In Minnesota, a recent study from the American Lung Association in Minnesota (ALAMN) has demonstrated the use of biodiesel’s significant positive impact on air quality. The study demonstrated that the summer (B10) and winter blends (B5) used in Minnesota prevent 130 tons of particulate matter, 319 tons of hydrocarbon, and 2,634 tons of carbon monoxide emissions from entering the air each year. ALAMN also found that during the 10-year period with biodiesel as a fuel standard for Minnesota, the state has realized a reduction of more than 7.4 billion pounds, or 3.7 million tons, of carbon dioxide emissions.
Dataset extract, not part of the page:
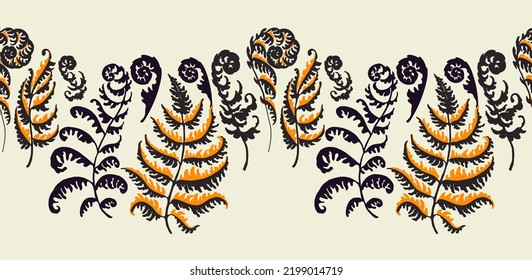 A vector illustration of fern pattern. Fern pattern with paint prints of fern leaves. Set of silhouettes of ferns. Can be used for textiles, wallpaper, wrapping paper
Like ester type biodiesel fuel, green diesel is a next generation transportation fuel emerging due to the need for a renewable replacement of internal combustion engine fuel, which is also fully compatible with existing automotive powertrain systems. Besides other limitations, the main obstacle for wider application of such renewable fuels is their relatively high production cost, depending mainly on the raw material cost and the application of more efficient processing technology. Green diesel and ester type biodiesel can be produced from waste vegetable oil by catalytic hydrogenation, homogeneous alkali catalysed transesterification and supercritical non-catalytic transesterification. Techno-economic analysis and the sensitivity analysis reveal that economics of these production technologies strongly depend on the process unit capacity and the cost of feedstock. Green diesel production by catalytic hydroprocessing located in a petroleum refinery appears to be the most cost effective option for unit capacity close to and above 200,000 tonnes/year. Conventional ester biodiesel process and non-catalytic ester biodiesel process under supercritical conditions are less profitable at specified capacity. Unit capacities of the investigated processes which are below 100,000 tonnes/year are likely to result in negative net present values after 10 years of project lifetime.